H1 2025 net revenue was €3,012 million (+10%) and EBITDA €1,803 million (+15%), driven by inflows into European assets and robust segment performance.
Operating costs increased 3% year-over-year, mainly due to inflation and strategic investments, with cost discipline maintained.
Leadership transition announced: CFO Gregor Pottmeyer to step down after 15 years, with Jens Schulte set to assume the role in October.
Guidance for 2025 is reaffirmed, expecting further secular growth despite normalization in equity volatility and FX headwinds.
Financial highlights
Net revenue (excluding treasury) increased 10% to €1,298 million in Q2 2025; total net revenue up 4% to €1,505 million.
EBITDA (excluding treasury) grew 19% year-over-year to €684 million; cash EPS reached €2.96.
Net profit for Q2 2025 was €509 million, with basic EPS at €2.77.
Operating costs rose 3% to €620 million, mainly due to higher investments and inflation.
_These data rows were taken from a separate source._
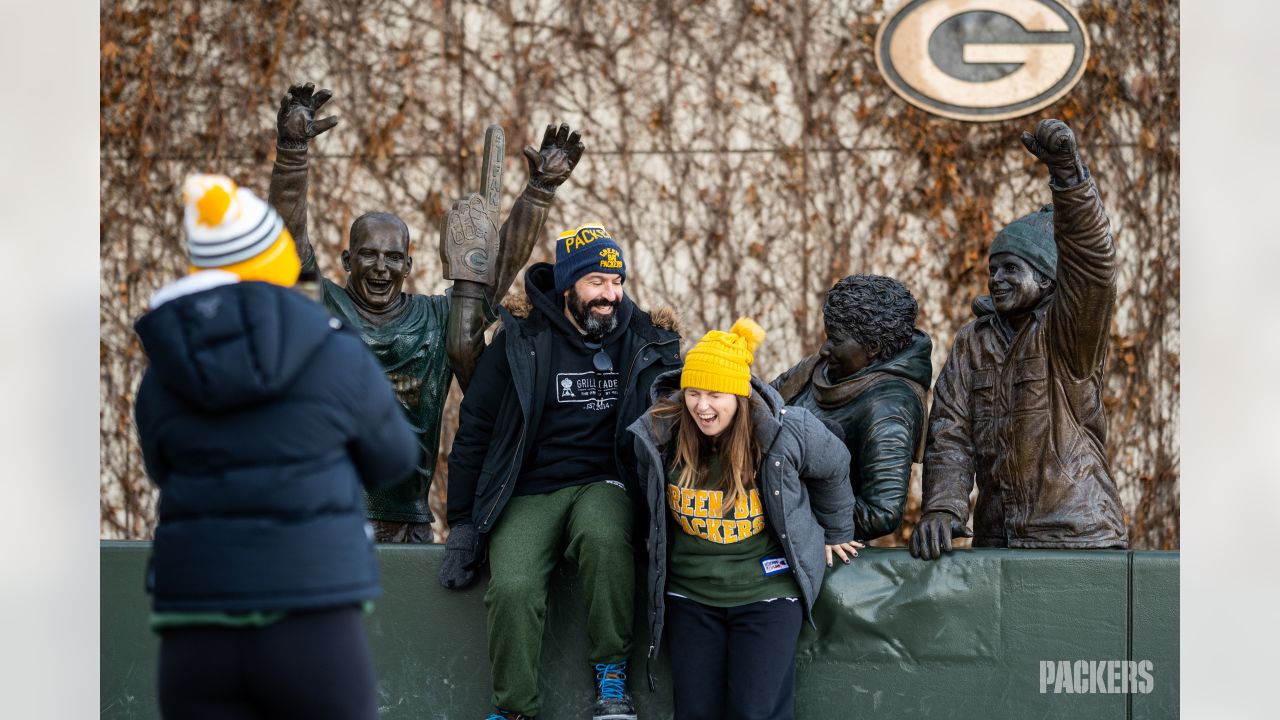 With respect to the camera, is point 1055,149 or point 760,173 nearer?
point 1055,149

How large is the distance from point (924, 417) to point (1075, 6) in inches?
192

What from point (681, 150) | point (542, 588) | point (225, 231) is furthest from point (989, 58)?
point (225, 231)

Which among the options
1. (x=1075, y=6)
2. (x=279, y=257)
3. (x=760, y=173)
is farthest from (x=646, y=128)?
(x=279, y=257)

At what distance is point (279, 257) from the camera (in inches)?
121

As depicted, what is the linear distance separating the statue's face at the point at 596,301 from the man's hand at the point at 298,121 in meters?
1.18

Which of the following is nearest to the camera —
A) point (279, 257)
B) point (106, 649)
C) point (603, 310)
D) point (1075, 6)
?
point (279, 257)

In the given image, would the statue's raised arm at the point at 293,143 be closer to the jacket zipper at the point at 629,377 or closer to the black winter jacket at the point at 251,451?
the jacket zipper at the point at 629,377

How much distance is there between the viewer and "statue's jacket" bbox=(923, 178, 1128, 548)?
4.98 m

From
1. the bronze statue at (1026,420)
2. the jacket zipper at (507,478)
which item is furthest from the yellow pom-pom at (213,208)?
the bronze statue at (1026,420)

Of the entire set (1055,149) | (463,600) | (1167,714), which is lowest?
(1167,714)

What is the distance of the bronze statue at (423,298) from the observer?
5.45m

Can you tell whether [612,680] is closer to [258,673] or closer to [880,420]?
[880,420]


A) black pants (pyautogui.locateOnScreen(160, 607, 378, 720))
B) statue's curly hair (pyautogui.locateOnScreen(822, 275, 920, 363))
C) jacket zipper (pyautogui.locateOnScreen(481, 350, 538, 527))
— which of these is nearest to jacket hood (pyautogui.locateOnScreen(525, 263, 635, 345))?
jacket zipper (pyautogui.locateOnScreen(481, 350, 538, 527))

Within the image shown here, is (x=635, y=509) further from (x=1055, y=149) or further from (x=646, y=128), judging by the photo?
(x=646, y=128)
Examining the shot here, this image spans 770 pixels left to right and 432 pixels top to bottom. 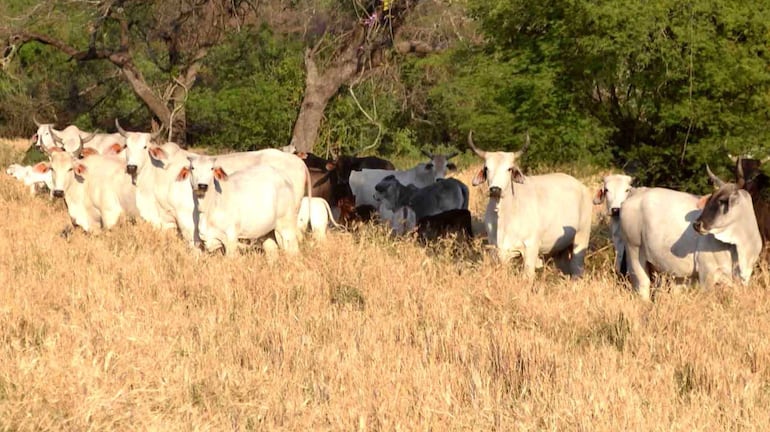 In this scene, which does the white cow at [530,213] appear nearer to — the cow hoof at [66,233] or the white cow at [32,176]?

Treasury result declined due to lower interest rates, impacting overall revenue growth.
Outlook and guidance
Full-year 2025 guidance reaffirmed: net revenue (excluding treasury) around €5.2 billion and EBITDA around €2.7 billion.
Treasury result expected to exceed €0.8 billion, with internal forecast at €830 million.
Operating expense growth for 2025 maintained at 3%, reflecting disciplined cost management.
Confident in achieving fixed income roadmap with €300 million step-up by 2026, supported by client activation, new regulations, and strong market share in €STR derivatives.
Guidance reaffirmed despite normalization of equity market volatility and weaker US dollar.